Regarding the timing, we have the same concerns as regards the early termination date as described in our response to question 2.
Considering the volume of outstanding positions held by a Global Systemically Important Bank (G-SIB), we do believe that there would be increased market volatility following the notification to close-out and that this could adversely affect the termination value.
In practice, we consider that the provisional valuation provided for under Article 7(2) would be necessary to ensure a swift resolution process.
As explained in our answers to questions 1-4, an ‘open bank bail-in’ involving derivatives would not be feasible if the resolution authority was required to wait for final valuations based on commercially reasonable replacement trades before bailing-in net uncollateralised derivatives.
The provisional valuation would need to be based on IFRS fair value, with certain adjustments, as explained in our answer to question 5.
No, we support the idea of a provisional valuation.

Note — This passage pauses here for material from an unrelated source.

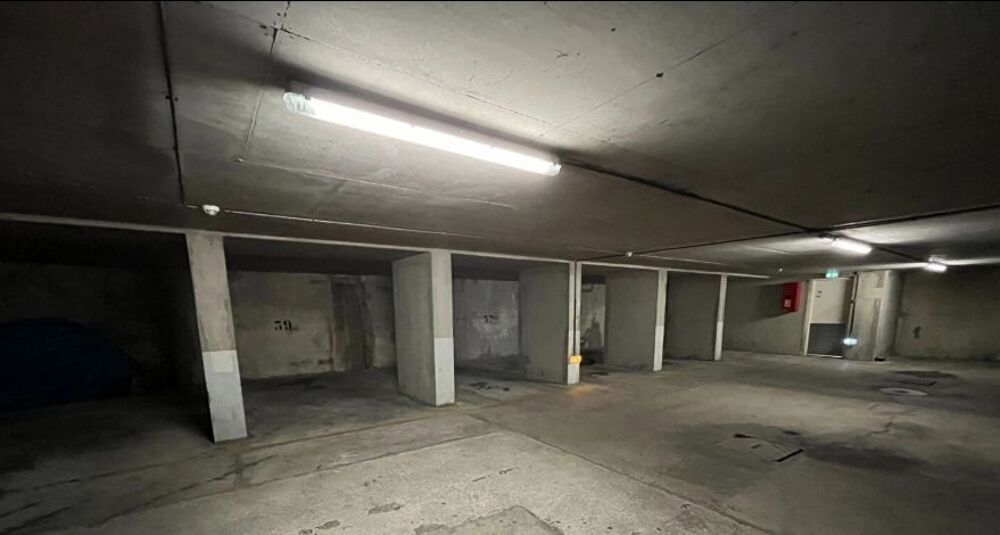 Location Parking/Garage d'une place de parking au mois (Paris) Paris 20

The default management procedures already establish a clear process to auction and close-out portfolios of a clearing member. We do not support the idea of an early determination in relation to CCP claims, as it would introduce a lack of transparency in the market.

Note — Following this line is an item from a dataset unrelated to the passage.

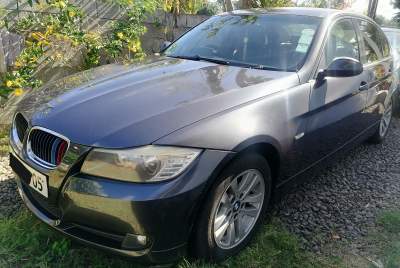 Bmw 320i E90 Year 2005 - Luxury Cars on Aster Vender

Transactions with a CCP will be overcollateralised in principle. In the event that a bank has an unsecured liability at the point of resolution, before applying the close-out of those liabilities based on a provisional valuation, the resolution authority should have to account for the cost of closing access to a CCP at a point when the institution might need to continue hedging its risks following the bail-in. In that sense, the bank should be allowed to meet its collateralisation requirements before a decision is made on the bail-in of these derivatives.

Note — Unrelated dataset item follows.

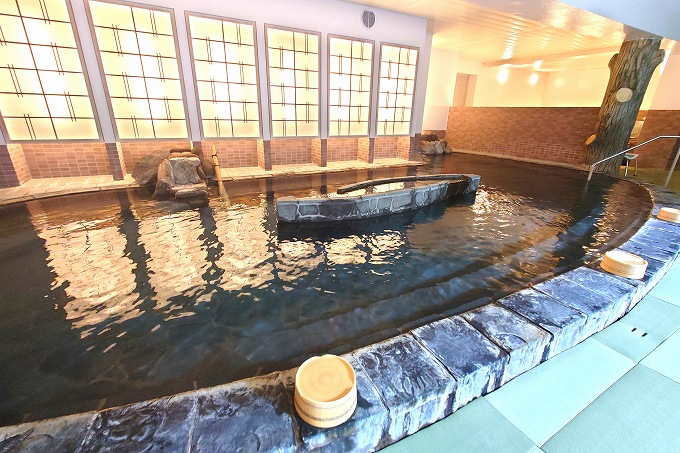 彩の湯の内湯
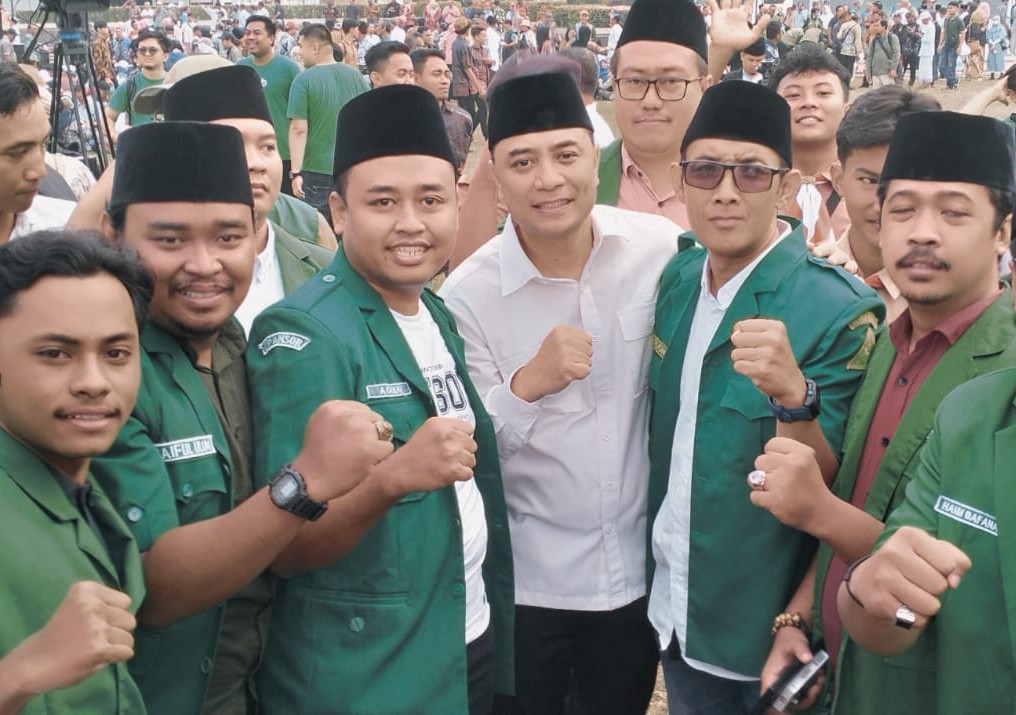 chnaf Al Ashbahani bersama pengurus GP Ansor Kota Surabaya dalam satu kegiatan dengan Wali Kota Surabaya, Eri Cahyadi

In the event that a portfolio of derivatives with a CCP is undercollateralised at the point of the provisional valuation, the resolution authority should consider the cost of closing-out these derivatives. The bank under resolution would lose access to a CCP at a time where it still needs to hedge its risks. The entity under resolution should be allowed to re-establish its collateralisation before a decision is made on the bail-in of these derivatives.
If the CCP determination process holds back the finalisation of the bail-in, then we agree with the proposal of using the NCWO principle as a backstop.
Yes, we consider the guidance sufficiently clear.
We agree that these elements would be the main drivers of the destruction in value. In addition, the RTS should also require the resolution authority to consider the impact of bailing-in derivatives on the ability of the bank in resolution to re-hedge, the timing for re-hedging and the net impact on capital of having one-sided un-hedged risk in the days subsequent to a bail-in, in a potentially volatile and illiquid market.
While we understand the objective of a precautionary buffer, we do not see the need for having a specific buffer for the valuation of derivative liabilities. The final draft RTS on valuation (EBA/CP/2014/38) mandate that any provisional valuation should include a buffer for additional losses. Any uncertainty regarding derivative valuation could be built into this buffer, rather than defining a separate precautionary buffer specifically for the valuation of derivatives.
The resolution authorities should be required to consider the impact on the firm’s franchise value from the termination and close-out of derivative contracts. This is particularly important for banks with an ‘open bank bail-in’ strategy, where the franchise value of the ‘new’ recapitalised bank will have an impact on the market value of shares issued to bailed-in creditors and will thus directly impact losses imposed on those liability holders.